Emergência educativa

1. Terrorismo e educação
Na última nota escrevia o seguinte: A educação na família, na escola, nas comunidades religiosas deve ajudar a construir a paz. Bem-aventurados os que sofrem por causa da paz, proclamou Jesus. Sem avaliar todo o alcance desta afirmação, nesta semana, no torvelinho dos acontecimentos, recebi muitos incentivos para a explicitar melhor e aplicar aos ambientes que nos envolvem.
Em primeiro lugar, ao ler as propostas do sínodo sobre a família, percebi que há uma situação global, que dificulta a tarefa educativa. Na miragem ideológica dum mundo envolvido na terceira guerra mundial em fragmentos, como se expressa o Papa Francisco, afirma-se o individualismo e o direito aos bens de consumo e esquece-se a educação primordial para a relação e a pertença, a começar pela família. Por isso os outros, a própria natureza, são vistos como concorrentes e obstáculos a eliminar, como o inferno, como se expressava Sartre, e não como fazendo parte de nós, do nosso bem estar e aos quais somos devedores. Como diz S. Paulo (Rm 13, 8): não fiqueis a dever nada a ninguém, a não ser o amor.

Em segundo lugar, foi o Congresso Mundial promovido em Roma pela Congregação para a Educação Católica, na semana passada. No encontro com o Papa, a 21 de novembro, uma responsável educativa perguntava como podem os educadores ser construtores da paz. Na sua resposta espontânea o Papa afirmava que é preciso ir às periferias, ao mundo dos pobres e não apenas fazer obras de benificência para eles, dar-lhes de comer e ensiná-los a ler, mas a caminhar juntos com a sua experiência de pessoas feridas na sua humanidade.
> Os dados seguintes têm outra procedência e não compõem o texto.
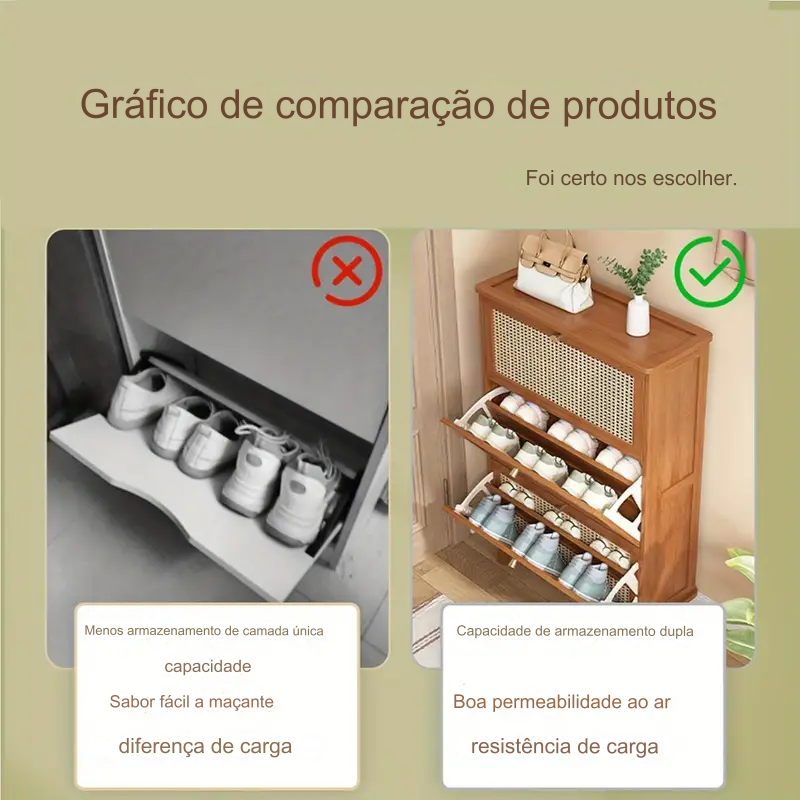 Sapateira - Eco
Não basta educar dentro de muros, cultivar uma cultura seletiva, de segurança, da inteligência formal, mas arriscar no cumprimento das quatorze obras de misericórdia.
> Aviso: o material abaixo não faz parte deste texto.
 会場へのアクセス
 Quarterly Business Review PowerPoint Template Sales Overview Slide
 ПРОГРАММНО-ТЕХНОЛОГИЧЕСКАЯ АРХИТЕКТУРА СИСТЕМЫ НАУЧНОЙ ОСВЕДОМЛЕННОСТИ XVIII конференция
Em contraste com estes pensamentos estavam as notícias veiculadas pelos meios de comunicação social: a caça aos terroristas, os ataques aos focos de terrorismo, o controle dos refugiados, a construção de defesas, o estado de emergência. Será este o caminho da construção da paz, não apenas em algumas partes do mundo, mas para todos e com todos?

A educação para os valores humanos, implica também a abertura à transcendência, expressa de muitas maneiras, também a religiosa, mas nunca proselitismo ou fundamentalismo religioso, como dizia o Papa no diálogo atrás referido. Um sistema educativo fechado, neopositivista, sem abertura à transcendência, que não toca o coração, os comportamentos e as relações fundamentais da pessoa, fecha o homem em si mesmo e não pode educar para o verdadeiro humanismo, por mais génios que produza, mas, infelizmente, também monstros.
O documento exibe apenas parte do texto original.